Thanksgiving Day minus two. Shopping at the local Trader Joe's is crowded, parking lot offering valet service. Holiday business looking brisk. Pushing the cart and then I hear a child calling "Grandma" and I catch myself tearing up. The little girl's clear voice, a bell on a freeway, cutting through the rumble. Something in me went limp and I had to pause for a moment and remember I had serious ginger cookie hunting on hand and look smart about it. Grabbed the last bag on the shelf, and ready to try out a new ginger cookie crust pumpkin tart recipe. When you can't have a granny at your holiday table, at least you can try a new dish- I try to comfort myself with this thought.

Later at the checkout, perhaps it was the same grandma and little girl, I don't know, but a melodious grandma's voice behind me was telling a little girl how everyone would think she was just the most precious and beautiful thing they had ever seen. I turned to look at them, the grandma in velvet sweats, short neat hair, nice makeup, slender and spry, the little girl about four years old, beaming, mesmerized by her grandma's words. My immediate thought: I want that grannie for my kids, even if they are approaching middle age. And, I wanted to start an agency, Rent-a-Gran and have her be the first one to sign up. Then, I thought of my own granny, the one who owned a sweetie shop in Glasgow and left me in charge at the age of seven while she went to the pub on the corner "for a wee while". Customers complained about the wrong change I gave them, she complained to my mother, my mother blamed the inferior English education system, and I was fired by my own grannie. I've never been the same since, of course. I could tell you all sorts of stories. But I'm grateful for the spine it gave me, in the end, because that's what I think happened. Steel magnolia and all that.
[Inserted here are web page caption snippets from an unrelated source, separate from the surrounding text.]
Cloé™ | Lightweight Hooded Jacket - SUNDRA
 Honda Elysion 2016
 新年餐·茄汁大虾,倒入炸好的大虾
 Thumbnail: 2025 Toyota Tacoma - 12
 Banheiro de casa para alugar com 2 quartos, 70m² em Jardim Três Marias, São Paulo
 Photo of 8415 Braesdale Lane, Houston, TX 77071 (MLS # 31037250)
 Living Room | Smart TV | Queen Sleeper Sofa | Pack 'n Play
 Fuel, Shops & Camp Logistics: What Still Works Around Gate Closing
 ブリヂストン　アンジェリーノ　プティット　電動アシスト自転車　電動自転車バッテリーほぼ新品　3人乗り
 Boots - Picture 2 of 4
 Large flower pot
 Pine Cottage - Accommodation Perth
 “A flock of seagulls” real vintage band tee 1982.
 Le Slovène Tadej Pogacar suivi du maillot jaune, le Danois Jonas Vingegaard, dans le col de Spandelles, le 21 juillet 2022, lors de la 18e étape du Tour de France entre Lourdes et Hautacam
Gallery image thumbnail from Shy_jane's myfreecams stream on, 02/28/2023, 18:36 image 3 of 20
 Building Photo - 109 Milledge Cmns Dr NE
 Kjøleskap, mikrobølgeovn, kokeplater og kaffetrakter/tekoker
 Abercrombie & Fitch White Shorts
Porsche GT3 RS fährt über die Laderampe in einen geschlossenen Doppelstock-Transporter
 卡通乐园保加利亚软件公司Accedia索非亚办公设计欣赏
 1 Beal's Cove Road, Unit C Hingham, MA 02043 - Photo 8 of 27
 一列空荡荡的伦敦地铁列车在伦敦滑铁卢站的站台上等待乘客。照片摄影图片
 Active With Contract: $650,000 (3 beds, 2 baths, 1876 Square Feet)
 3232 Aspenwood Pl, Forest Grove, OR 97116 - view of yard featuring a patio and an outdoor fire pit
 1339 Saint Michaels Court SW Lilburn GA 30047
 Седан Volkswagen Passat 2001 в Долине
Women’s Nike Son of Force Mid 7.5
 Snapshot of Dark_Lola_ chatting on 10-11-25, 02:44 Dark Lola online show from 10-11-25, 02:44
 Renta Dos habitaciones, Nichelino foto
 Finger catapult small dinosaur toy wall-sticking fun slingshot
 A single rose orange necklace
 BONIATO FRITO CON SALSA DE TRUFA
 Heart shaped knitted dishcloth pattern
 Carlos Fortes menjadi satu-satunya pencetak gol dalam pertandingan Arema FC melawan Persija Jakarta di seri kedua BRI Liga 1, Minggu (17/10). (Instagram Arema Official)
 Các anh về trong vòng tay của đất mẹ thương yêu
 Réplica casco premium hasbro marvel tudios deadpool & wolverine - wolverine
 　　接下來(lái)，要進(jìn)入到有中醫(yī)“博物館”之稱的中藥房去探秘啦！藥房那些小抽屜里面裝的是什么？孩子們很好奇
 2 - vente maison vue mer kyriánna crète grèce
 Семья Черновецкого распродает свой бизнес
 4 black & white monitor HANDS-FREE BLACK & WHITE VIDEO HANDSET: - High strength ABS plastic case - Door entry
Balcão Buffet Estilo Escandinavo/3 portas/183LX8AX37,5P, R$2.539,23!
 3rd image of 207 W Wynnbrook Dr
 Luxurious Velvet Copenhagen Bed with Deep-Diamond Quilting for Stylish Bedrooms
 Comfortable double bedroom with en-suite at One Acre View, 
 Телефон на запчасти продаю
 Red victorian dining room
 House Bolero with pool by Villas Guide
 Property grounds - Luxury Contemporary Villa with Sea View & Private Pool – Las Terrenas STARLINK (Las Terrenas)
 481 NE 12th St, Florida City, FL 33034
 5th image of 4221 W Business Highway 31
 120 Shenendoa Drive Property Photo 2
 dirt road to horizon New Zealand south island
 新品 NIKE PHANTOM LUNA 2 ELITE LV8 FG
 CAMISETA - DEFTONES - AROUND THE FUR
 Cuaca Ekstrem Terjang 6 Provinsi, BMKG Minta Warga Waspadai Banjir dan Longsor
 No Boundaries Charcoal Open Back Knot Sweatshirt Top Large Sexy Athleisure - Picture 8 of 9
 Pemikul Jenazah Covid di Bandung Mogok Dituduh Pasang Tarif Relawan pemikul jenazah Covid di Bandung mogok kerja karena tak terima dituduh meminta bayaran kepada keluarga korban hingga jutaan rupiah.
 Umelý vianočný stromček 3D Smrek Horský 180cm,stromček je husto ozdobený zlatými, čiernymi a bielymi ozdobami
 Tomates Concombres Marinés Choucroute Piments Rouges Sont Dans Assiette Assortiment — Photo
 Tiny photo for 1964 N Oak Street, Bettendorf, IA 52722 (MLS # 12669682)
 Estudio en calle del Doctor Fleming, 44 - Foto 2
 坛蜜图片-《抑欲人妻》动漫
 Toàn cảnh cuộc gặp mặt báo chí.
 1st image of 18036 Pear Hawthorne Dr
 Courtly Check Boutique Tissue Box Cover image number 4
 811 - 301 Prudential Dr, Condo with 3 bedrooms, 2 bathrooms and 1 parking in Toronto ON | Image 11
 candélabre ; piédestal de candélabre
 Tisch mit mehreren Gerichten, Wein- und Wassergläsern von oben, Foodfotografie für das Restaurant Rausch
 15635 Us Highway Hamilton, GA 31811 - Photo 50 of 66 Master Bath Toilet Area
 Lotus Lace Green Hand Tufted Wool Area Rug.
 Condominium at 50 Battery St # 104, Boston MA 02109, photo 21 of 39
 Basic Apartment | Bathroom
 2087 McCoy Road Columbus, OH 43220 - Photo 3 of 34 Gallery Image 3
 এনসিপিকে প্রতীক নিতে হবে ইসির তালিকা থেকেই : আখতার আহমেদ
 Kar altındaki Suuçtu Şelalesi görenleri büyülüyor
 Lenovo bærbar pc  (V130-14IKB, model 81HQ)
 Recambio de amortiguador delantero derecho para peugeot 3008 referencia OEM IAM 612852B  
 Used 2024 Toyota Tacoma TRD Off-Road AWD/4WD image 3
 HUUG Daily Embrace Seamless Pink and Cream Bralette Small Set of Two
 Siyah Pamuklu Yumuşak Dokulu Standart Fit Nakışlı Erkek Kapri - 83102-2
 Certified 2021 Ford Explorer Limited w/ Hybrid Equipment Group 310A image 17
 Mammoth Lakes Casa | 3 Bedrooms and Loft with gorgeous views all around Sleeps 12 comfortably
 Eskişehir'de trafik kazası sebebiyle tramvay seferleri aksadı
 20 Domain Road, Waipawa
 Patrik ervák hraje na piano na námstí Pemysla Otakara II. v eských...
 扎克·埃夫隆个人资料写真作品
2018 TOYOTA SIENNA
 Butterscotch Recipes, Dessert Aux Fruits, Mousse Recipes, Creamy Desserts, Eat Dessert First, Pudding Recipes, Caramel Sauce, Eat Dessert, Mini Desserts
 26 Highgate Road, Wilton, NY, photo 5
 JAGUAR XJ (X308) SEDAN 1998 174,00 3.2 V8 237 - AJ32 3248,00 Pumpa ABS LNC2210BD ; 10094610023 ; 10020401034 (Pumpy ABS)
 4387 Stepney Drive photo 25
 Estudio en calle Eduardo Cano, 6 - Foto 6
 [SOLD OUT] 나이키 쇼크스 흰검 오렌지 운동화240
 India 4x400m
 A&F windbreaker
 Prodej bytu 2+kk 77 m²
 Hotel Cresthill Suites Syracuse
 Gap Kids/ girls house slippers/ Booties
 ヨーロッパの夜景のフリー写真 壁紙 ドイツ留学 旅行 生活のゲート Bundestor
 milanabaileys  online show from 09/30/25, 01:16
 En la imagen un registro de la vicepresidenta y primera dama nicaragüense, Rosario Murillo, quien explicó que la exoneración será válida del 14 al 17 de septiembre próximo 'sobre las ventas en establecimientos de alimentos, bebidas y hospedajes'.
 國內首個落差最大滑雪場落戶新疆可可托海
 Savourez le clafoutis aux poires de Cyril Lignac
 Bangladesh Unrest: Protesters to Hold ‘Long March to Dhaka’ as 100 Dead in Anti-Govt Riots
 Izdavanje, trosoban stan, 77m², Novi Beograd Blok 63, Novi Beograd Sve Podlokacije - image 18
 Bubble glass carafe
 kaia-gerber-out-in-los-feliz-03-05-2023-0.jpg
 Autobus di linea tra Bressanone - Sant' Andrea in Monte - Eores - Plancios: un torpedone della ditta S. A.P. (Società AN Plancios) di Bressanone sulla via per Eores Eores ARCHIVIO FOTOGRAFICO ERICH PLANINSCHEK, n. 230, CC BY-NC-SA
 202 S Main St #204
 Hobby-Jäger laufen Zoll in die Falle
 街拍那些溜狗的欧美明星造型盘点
But still I began to yearn for a granny like the one in the line at T.J's, just for a few hours on the holidays, you know, to give the extra dimension to the family that seems to be missing, the gaping Granny Corner. I'm in line for Grannyship but nobody is doing much about it and it's not as if I can do an invitro job on my daughter when she's not looking or demand that my son settle for Miss Right Now. So I just have to enjoy the secretly snatched granny moments, as if I'm walking past a bakery and smelling a pie I can't eat because I'm allergic to the gluten in the flour, which actually does happen. I'm glad at least someone's enjoying what I can't have and now I have to buy a new lipstick for my very stiff upper lip. Happy Thanksgiving.